Industrial robot in a fenced cell performing surface finishing on a row of identical metal parts mounted on rails for automated handling.

A GMR robot performs surface-finishing operations on a series of identical metal assemblies. The system is mounted on rails for sequential processing and consistent treatment across multiple faces, with no need for manual repositioning.

MMS: What does success look like for GrayMatter in the next five years — specifically in metalworking?

Gupta: We want to be the tool of choice for a wide range of metal industries. We’re expanding into cutting and light machining as well. Broad adoption and acceptance of our technology — that’s the goal.

MMS: Do you see a broader role for AI in subtractive manufacturing beyond grinding?

Gupta: Absolutely. Robots are becoming more rigid, so machining is a growing area. AI can play a huge role in quality control, especially with enhanced sensors — detecting defects upstream and downstream. Eventually, AI will even help design new cutting tools using generative models.

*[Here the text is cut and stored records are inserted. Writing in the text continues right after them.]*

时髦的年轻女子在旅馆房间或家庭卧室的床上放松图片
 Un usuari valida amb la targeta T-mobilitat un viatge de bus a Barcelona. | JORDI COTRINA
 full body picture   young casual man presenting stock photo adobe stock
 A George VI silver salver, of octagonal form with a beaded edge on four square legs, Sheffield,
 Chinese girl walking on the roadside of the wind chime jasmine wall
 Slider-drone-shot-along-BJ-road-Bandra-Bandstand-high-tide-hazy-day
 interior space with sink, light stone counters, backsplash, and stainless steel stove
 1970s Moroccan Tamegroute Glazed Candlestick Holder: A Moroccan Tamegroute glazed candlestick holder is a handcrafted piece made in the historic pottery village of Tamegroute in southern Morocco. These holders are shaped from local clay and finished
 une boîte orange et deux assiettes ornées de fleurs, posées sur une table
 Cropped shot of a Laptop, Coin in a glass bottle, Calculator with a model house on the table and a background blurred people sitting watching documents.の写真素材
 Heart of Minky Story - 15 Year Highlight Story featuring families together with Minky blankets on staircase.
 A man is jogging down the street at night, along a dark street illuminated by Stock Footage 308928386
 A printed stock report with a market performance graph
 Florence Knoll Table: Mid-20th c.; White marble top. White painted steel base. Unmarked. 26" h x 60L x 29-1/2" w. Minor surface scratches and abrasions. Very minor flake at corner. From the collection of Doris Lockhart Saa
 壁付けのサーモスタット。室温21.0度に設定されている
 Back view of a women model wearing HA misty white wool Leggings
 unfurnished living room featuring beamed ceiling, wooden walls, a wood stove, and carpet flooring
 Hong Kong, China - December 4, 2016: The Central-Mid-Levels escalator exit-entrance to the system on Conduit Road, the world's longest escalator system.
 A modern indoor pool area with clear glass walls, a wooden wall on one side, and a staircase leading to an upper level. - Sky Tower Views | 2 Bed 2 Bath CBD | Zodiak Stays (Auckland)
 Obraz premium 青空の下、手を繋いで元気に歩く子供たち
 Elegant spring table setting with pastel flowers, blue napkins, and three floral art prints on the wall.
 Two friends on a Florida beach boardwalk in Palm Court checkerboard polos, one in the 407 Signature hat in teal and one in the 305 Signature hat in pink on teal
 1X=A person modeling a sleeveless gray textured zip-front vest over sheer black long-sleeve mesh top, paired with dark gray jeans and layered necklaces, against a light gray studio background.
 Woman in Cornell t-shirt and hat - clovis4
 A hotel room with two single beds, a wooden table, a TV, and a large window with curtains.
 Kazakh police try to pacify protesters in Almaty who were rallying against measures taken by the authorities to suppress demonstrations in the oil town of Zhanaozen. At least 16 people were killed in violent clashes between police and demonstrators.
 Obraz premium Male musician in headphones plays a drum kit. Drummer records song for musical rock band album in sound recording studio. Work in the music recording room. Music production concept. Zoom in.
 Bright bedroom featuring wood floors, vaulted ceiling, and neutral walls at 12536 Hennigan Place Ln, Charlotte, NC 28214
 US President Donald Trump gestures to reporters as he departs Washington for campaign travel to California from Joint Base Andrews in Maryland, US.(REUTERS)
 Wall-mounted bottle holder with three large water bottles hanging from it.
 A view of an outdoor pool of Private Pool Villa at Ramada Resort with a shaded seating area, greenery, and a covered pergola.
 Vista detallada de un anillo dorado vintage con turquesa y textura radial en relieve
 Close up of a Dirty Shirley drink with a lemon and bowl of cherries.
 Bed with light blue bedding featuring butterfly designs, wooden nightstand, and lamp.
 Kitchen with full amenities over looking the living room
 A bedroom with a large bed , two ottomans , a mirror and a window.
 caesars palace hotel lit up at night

MMS: Last question. How do you respond to skeptics who say robotic grinding will never match the precision of, say, a double-disc grinder?

Gupta: First, we try to understand where the skepticism comes from. Often it’s about sensing — surface finish, in-situ feedback or dimensional accuracy. In many cases, the technology can match human performance, but the cost of integrating advanced sensing may be too high for certain applications.

There are three categories: tasks where robots perform competitively at a good price point, tasks that require better sensing than what we have today, and tasks where we could match performance, but not cost-effectively. With rational discussion, most people see that it depends on the use case — and that the technology is advancing quickly.